Tenure : Tennessee

Identifying Effective Teachers Policy

Goal

The state should require that tenure decisions are based on evidence of teacher effectiveness.

Nearly meets goal
Suggested Citation:
National Council on Teacher Quality. (2011). Tenure : Tennessee results. State Teacher Policy Database. [Data set].
Retrieved from: https://www.nctq.org/yearbook/state/TN-Tenure--8

Analysis of Tennessee's policies

Tennessee is on the right track in connecting tenure decisions to evidence of teacher effectiveness.

Tennessee has recently increased its probationary period to five years, and now requires probationary teachers to receive an overall performance effectiveness rating of "above expectations" or "significantly above expectations" during the last two years of the probationary period.

A tenured teacher who receives two consecutive overall ratings of "below expectations" or "significantly below expectations" may be reverted to probationary status until they receive two consecutive ratings of  "above expectations" or "significantly above expectations."

Because Tennessee's teacher evaluation ratings are centered primarily on evidence of student learning (see Goal 3-B), basing tenure decisions on these evaluation ratings ensures that classroom effectiveness is appropriately considered. 

Citation

Recommendations for Tennessee

Ensure sufficient evidence is considered in tenure decisions.
To ensure tenure decisions are based on sufficient evidence of teacher effectiveness in the classroom, Tennessee should consider basing decisions on cumulative evidence of performance, rather than just two years' ratings.   

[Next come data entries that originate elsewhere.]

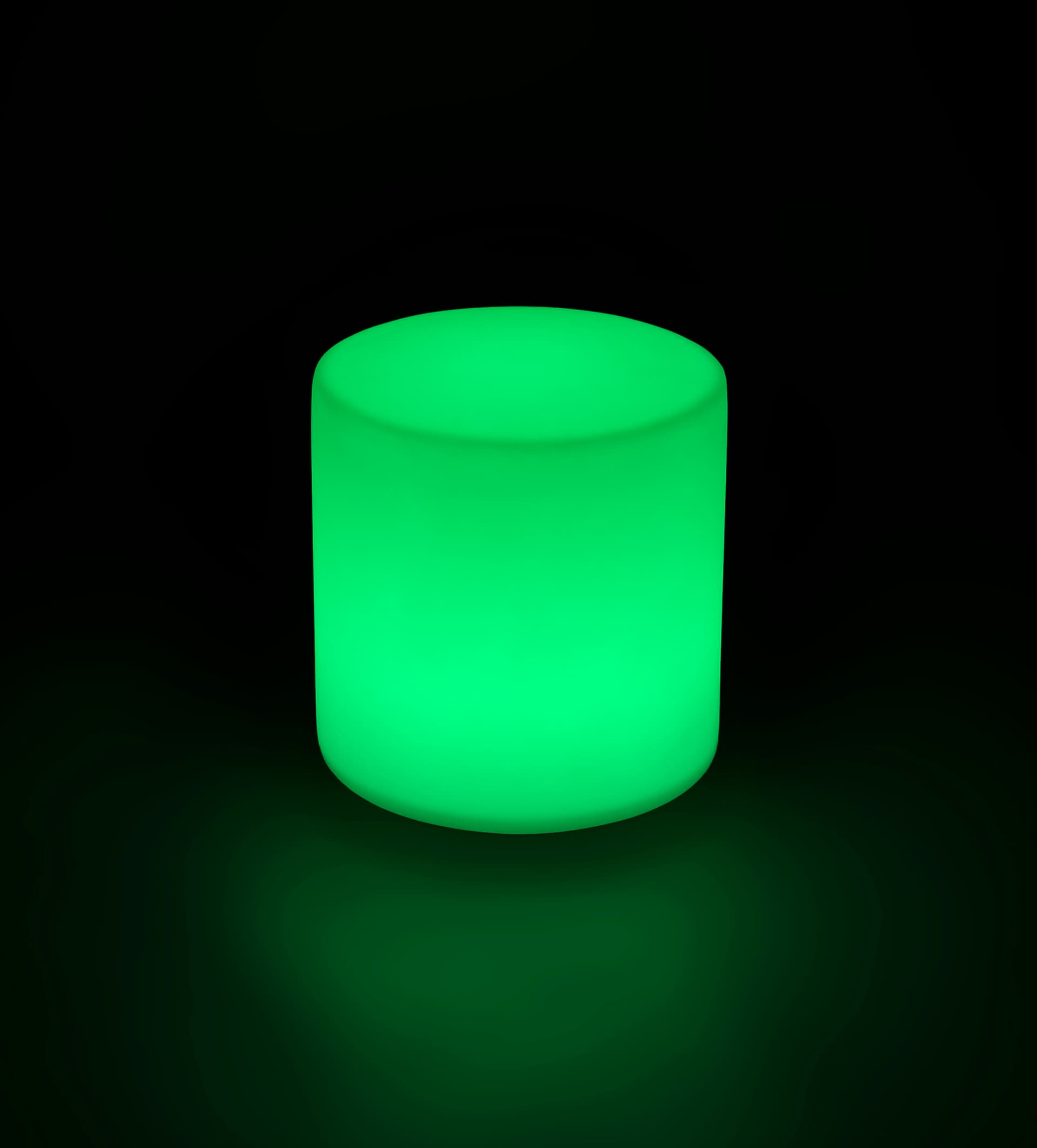 Light Up Round Cocktail Table Stool with Green Light Color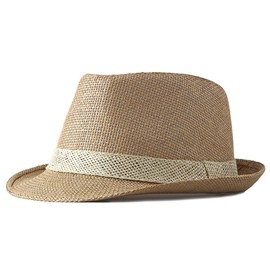 Straw Fedora Sun Hats Straw Cowboy Hats Straw Sun Hat for Women Mens Straw Hat Fedora Hats Roll Up Straw Panama Hat (Khaki-Beige Band)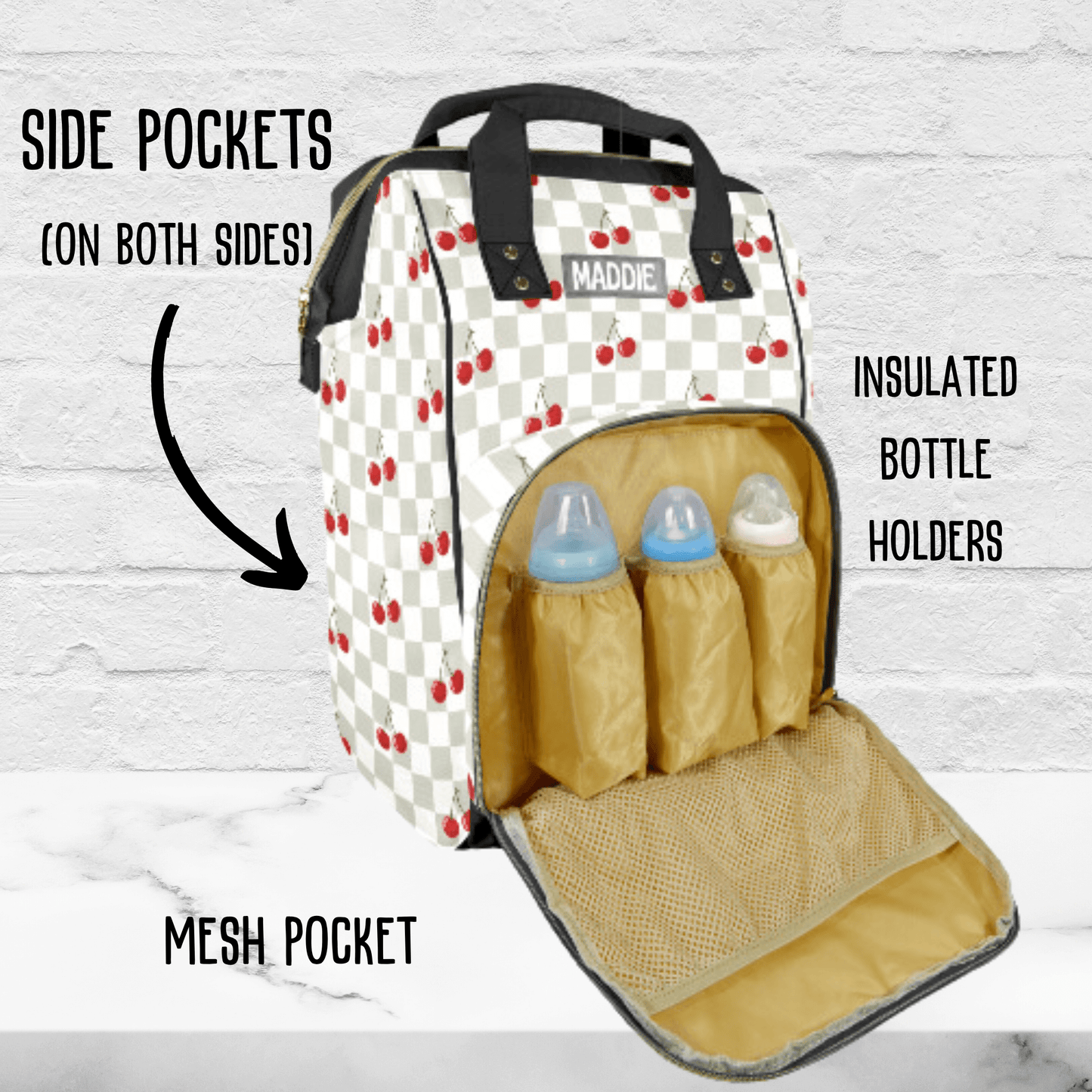 Diaper Bag Backpack with Cherries, Personalized Baby Shower Gift Idea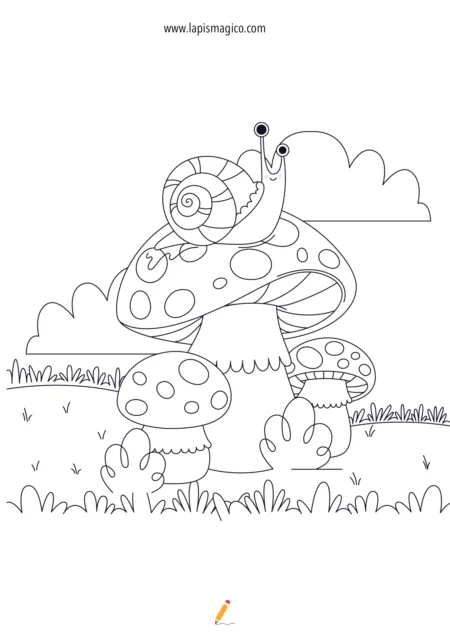 Desenhos de caracóis para colorir, ficha pdf nº3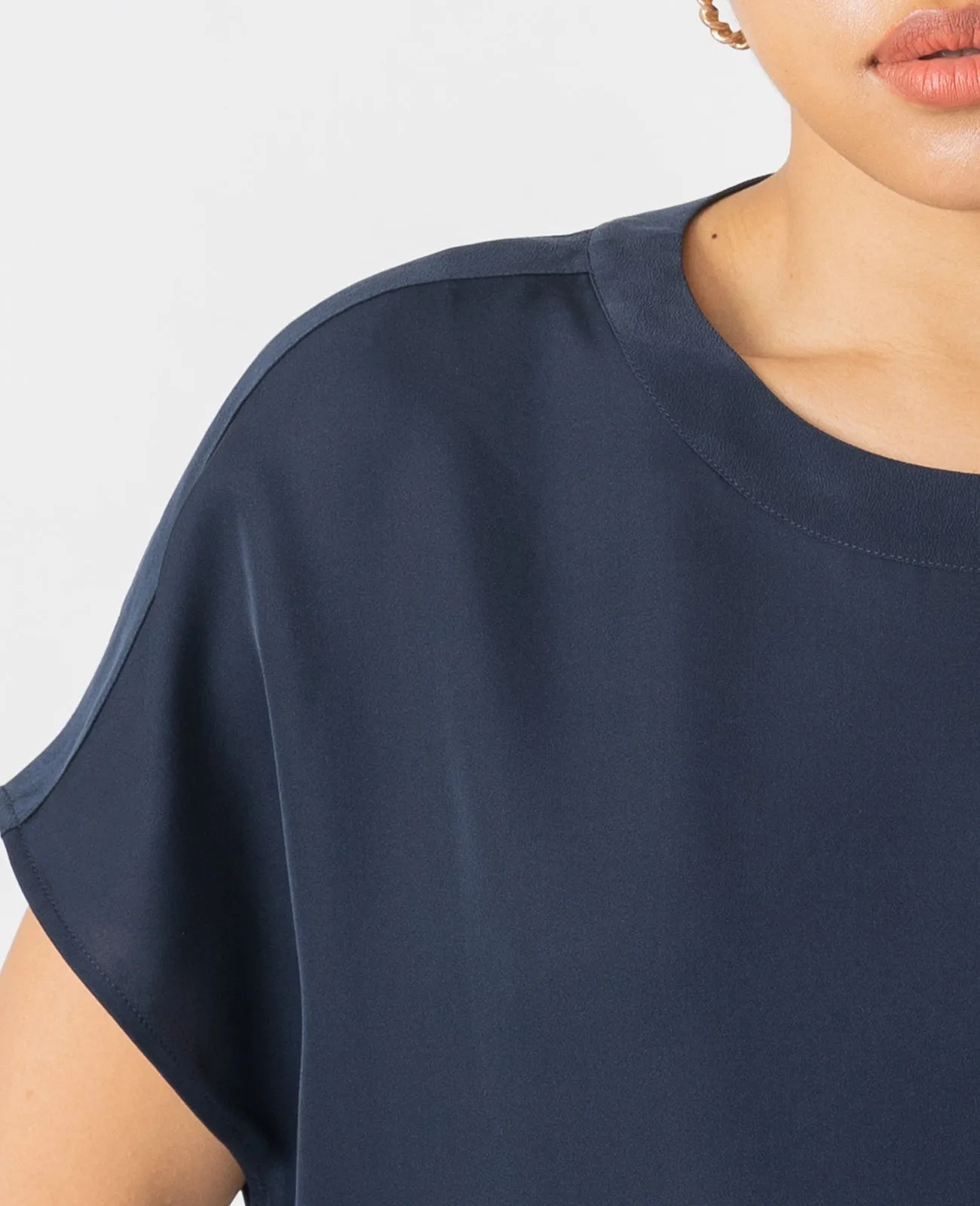 Silk Dropped Shoulder Tee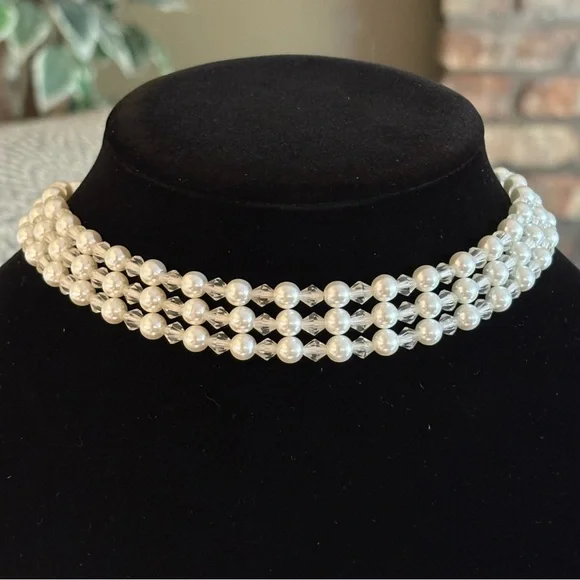 Faux Pearl and Crystal Beaded Layered Choker Necklace 16” Preowned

State response to our analysis

Tennessee recognized the factual accuracy of this analysis.

Research rationale

Numerous studies illustrate how difficult and uncommon the process is of dismissing tenured teachers for poor performance. These studies underscore the need for an extended probationary period that would allow teachers to demonstrate their capability to promote student performance.

For evidence on the potential of eliminating automatic tenure, articulating a process for granting tenure, and using evidence of effectiveness as criteria for tenure see D. Goldhaber and M. Hansen, "Assuming the Potential of Using Value-Added Estimates of Teacher Job Performance for Making Tenure Decisions." Center for Reinventing Public Education. (2009).  Goldhaber and Hansen conclude that if districts ensured that the bottom performing 25 percent of all teachers up for tenure each year did not earn it, approximately 13 percent more than current levels, student achievement could be significantly improved. By routinely denying tenure to the bottom 25 percent of eligible teachers, the impact on student achievement would be equivalent to reducing class size across-the-board by 5 students a class.

For additional evidence see Robert Gordon, et al., "Identifying Effective Teachers Using Performance on the Job," Hamilton Project Discussion Paper, Brookings Institute, March 2006.